The survey data showed that the benthic communities of the Cook Islands appear to be in moderate to good condition, except for Aitutaki, which showed a lack of live coral cover and was also experiencing a COTS outbreak when the foundation did the survey. In Aitutaki, the foundation helped train Cook Islanders to recognize COTS and its dangers, recognize an outbreak and established practices on how to minimize the impact.

Palmerston had the healthiest reef system of the three atolls surveyed. The ranking showed Palmerston had a good reef system with high coral cover and a healthy assemblage of algae and invertebrates. Rarotonga showed moderate reef health with moderate coral cover and high algae.

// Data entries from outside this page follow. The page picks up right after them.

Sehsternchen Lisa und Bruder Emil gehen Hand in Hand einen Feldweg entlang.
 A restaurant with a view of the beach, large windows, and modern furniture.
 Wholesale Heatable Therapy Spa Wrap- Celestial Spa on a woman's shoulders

Besides the COTS outbreak, there are many other threats to the health of coral reefs. These include pollution, climate change, overfishing, storm damage and natural disasters such as cyclones and warm water induced coral bleaching. With all these threats, it is therefore very important to protect the reefs from other natural and anthropogenic stressors, the scientists said.

The survey showed that with continued efforts to protect and preserve the fish and benthic communities, it is possible for these reefs to become some of the best in the South Pacific.

Despite the moderately healthy fish and benthic communities of the Cook Islands, the lax or nonexistent nearshore fishing regulations and management makes the fish populations vulnerable to collapse from overfishing.

With this, a complete participation, cooperation and enforcement of fisheries regulations by the community and the government is necessary to preserve fish populations. This should involve monitoring and recording catch sizes, establishing size and catch limits, and enforcing quotas for important fish species.

Aitutaki and Rarotonga follow a clear trend where the more populous the island, the more degraded the reef and fish health.


The KSLOF survey showed that fish community health is inversely correlated with human population. There is a lack of large predatory fish around the more populous islands.

Palmerston, the most sparsely populated island, had a noticeably higher number of large predatory fish. This is an indication that fishing pressure on the islands of Aitutaki and Rarotonga which has a higher population has likely decreased the number of top predators.

Rarotonga, which is the most populous at Cooks Island had the lowest mean value for all fish population metrics--this includes species richness, fish density, and biomass), and this is most likely due to high fishing pressure.

On a global comparison of the fish density and biomass, KSLOF data shows that the fish populations of the Cook Islands are comparable to other nearby countries such as French Polynesia and Fiji.